• [Problem details]
Below is a set of records, and all of them should be retyped exactly, minus the pictures.

• [Data to use]
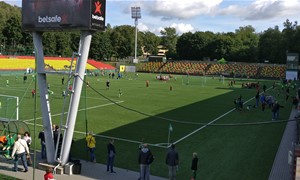 Praūžė „Vilnius Cup 2017“ turnyras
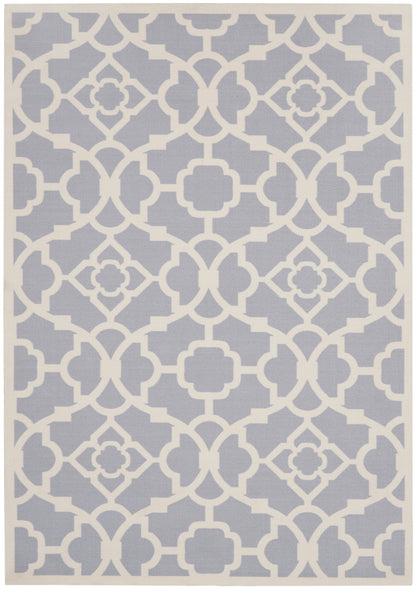 Waverly Sun N Shade SND04 Grey Transitional Power-Loomed Rug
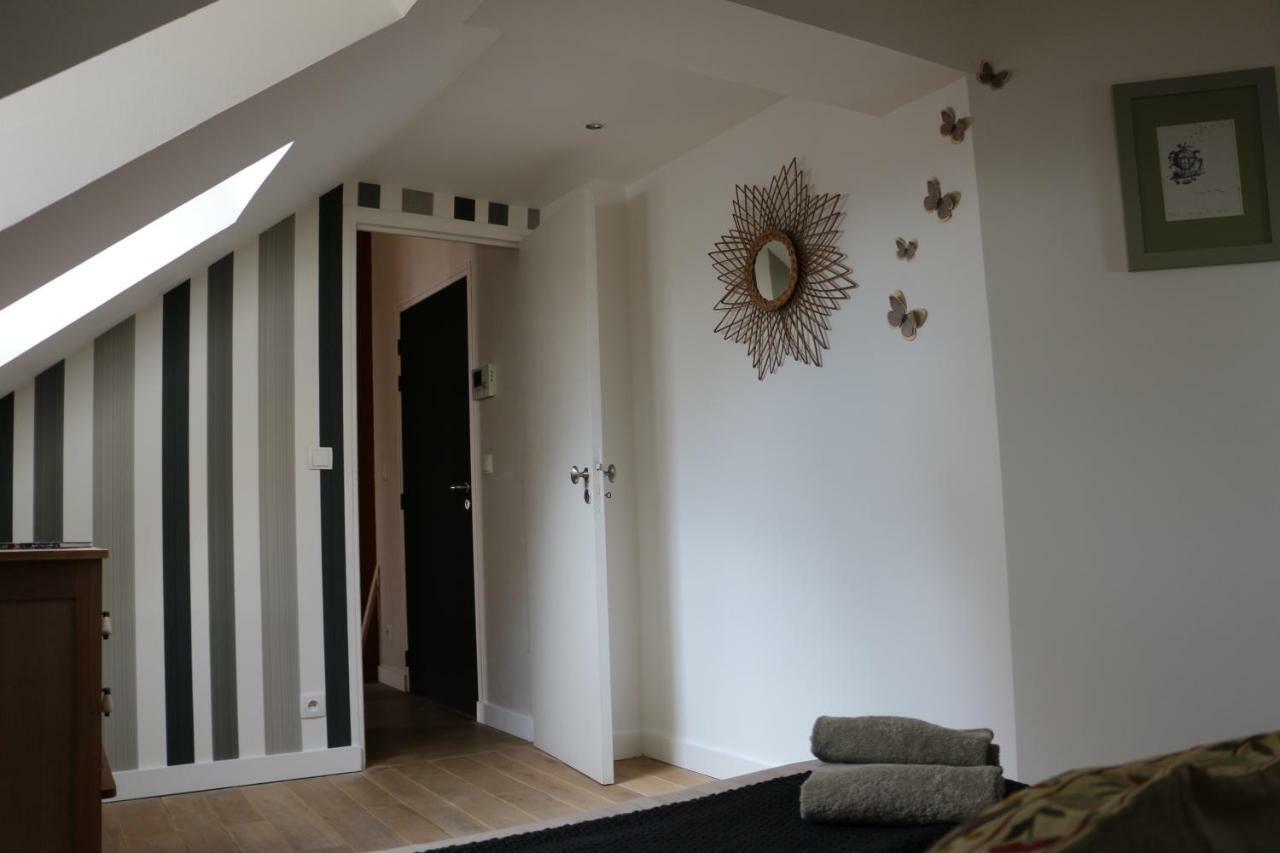 Maison Valmer - Le Negociant, Elegant F2 Classe 4 Etoiles Le Havre Dış mekan fotoğraf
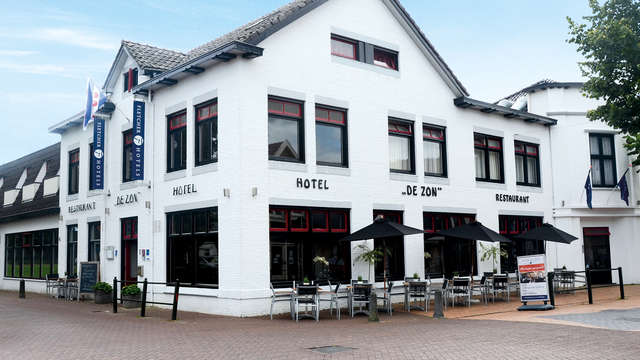 Fletcher Hotel-Restaurant De Zon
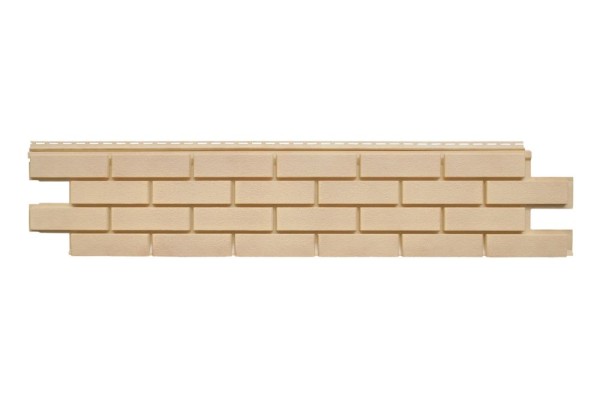 Фасадная панель GrandLine (Я Фасад), Невский Клинкер, Жемчуг купить в Орехово-Зуеве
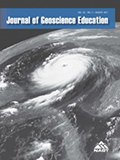 Journal of Geoscience Education, August 2017 cover
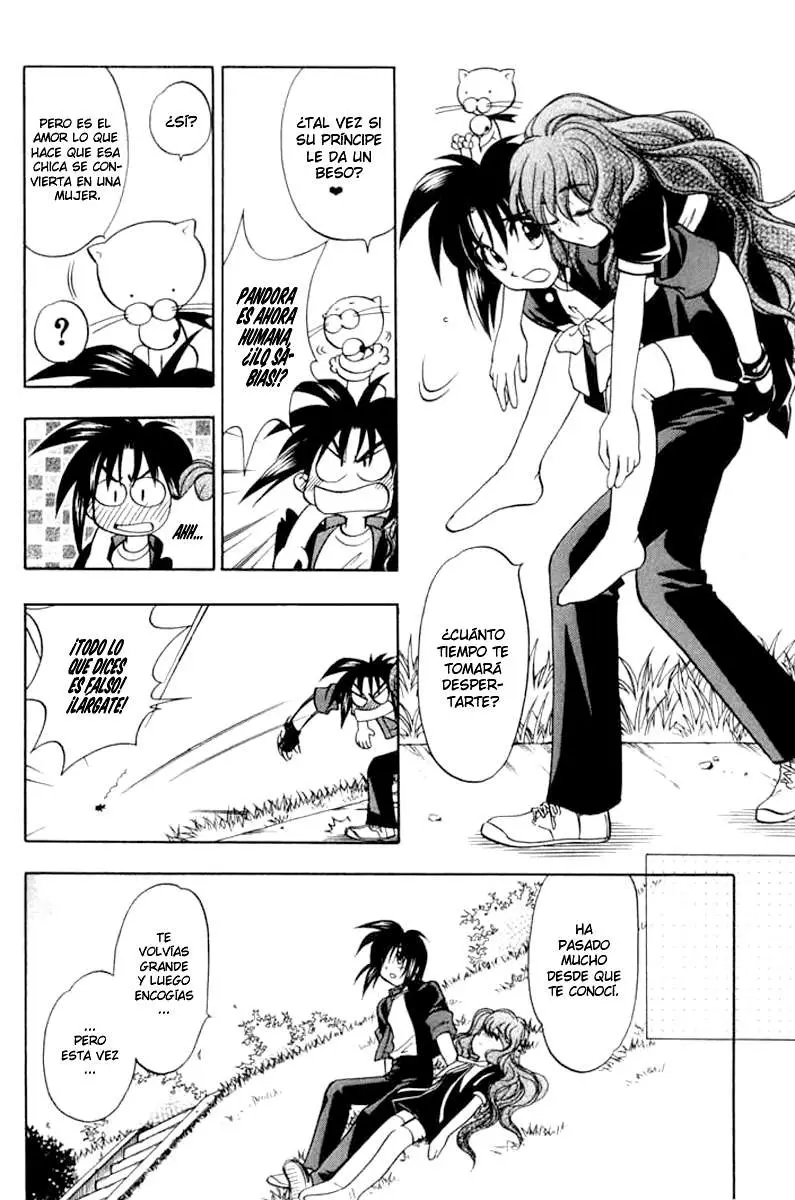 Because I-m The Goddess (2003) - Capítulo 19 - Página 20 - LectorTMOo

• [Response for this exercise]
 Praūžė „Vilnius Cup 2017“ turnyras
 Waverly Sun N Shade SND04 Grey Transitional Power-Loomed Rug
 Maison Valmer - Le Negociant, Elegant F2 Classe 4 Etoiles Le Havre Dış mekan fotoğraf
 Fletcher Hotel-Restaurant De Zon
 Фасадная панель GrandLine (Я Фасад), Невский Клинкер, Жемчуг купить в Орехово-Зуеве
 Journal of Geoscience Education, August 2017 cover
 Because I-m The Goddess (2003) - Capítulo 19 - Página 20 - LectorTMOo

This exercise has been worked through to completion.